Combining forms and stress

English has quite a few combining forms ending in <o>. These are used mainly in scientific and technical terms. Usually the main stress of the resulting word is on the second part of the compound and the combining form gets a secondary stress. Here are some examples:

aeronautics /%e@r@"nO:tIks/
biotechnology /%baI@Utek"nQl@dZi/
cardiothoracic /%kA:di@UT@"r{sIk/
haemoglobin /%hi:m@"gl@UbIn/
isometric /%aIs@"metrIk/
neurophysiology /%njU@r@U%fIzi"Ql@dZi
socio-economic /%s@Usi@U%i:k@"nQmIk/

Notice that the o in some of the words can be pronounced /@/ and in others it can't.
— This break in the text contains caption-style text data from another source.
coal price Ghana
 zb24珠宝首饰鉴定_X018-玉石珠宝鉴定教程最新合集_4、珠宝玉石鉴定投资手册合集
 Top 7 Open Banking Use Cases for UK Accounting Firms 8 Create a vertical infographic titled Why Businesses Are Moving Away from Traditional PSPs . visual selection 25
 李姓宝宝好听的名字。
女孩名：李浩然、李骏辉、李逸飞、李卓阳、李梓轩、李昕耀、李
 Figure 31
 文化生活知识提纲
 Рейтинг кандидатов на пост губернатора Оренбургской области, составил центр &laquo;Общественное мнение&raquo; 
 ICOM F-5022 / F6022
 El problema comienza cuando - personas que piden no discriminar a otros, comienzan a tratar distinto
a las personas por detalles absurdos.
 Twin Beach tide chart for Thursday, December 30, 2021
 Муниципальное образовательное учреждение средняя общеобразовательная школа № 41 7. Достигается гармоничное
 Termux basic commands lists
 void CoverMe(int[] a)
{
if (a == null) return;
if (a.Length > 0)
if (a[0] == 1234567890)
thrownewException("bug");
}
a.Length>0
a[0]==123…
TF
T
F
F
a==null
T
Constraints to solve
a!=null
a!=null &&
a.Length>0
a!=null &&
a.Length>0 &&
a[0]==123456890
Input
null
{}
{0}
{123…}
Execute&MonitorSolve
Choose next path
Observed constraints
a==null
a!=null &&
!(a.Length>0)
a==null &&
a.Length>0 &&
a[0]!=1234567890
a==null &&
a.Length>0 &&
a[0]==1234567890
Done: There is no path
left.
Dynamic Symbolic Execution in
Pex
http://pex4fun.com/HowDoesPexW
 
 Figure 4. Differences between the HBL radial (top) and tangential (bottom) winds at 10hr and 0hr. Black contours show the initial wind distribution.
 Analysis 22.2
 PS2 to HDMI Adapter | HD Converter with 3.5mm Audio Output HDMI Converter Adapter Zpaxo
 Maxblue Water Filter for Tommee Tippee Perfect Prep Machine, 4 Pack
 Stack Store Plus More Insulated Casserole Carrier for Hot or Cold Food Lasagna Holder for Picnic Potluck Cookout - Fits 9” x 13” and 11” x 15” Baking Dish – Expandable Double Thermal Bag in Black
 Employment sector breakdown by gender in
Any ideas why? The answer is that if the next syllable is the main stress then /@/ is OK (but not obligatory). If the next syllable is unstressed or bears a secondary stress, you can't have /@/.

Now look at these words:

aerodrome /"e@r@dr@Um/
biosphere /"baI@UsfI@/
cardiogram /"kA:di@Ugr{m/
isobar /"aIs@bA:/
psychopath /"saIk@p{T/
sociolect /"s@Usi@Ulekt/

These don't conform to the stress pattern above. But notice that in all of them, the second part (after the combining form) is only a single syllable. If this is the case, the combining form itself tends to get the main stress.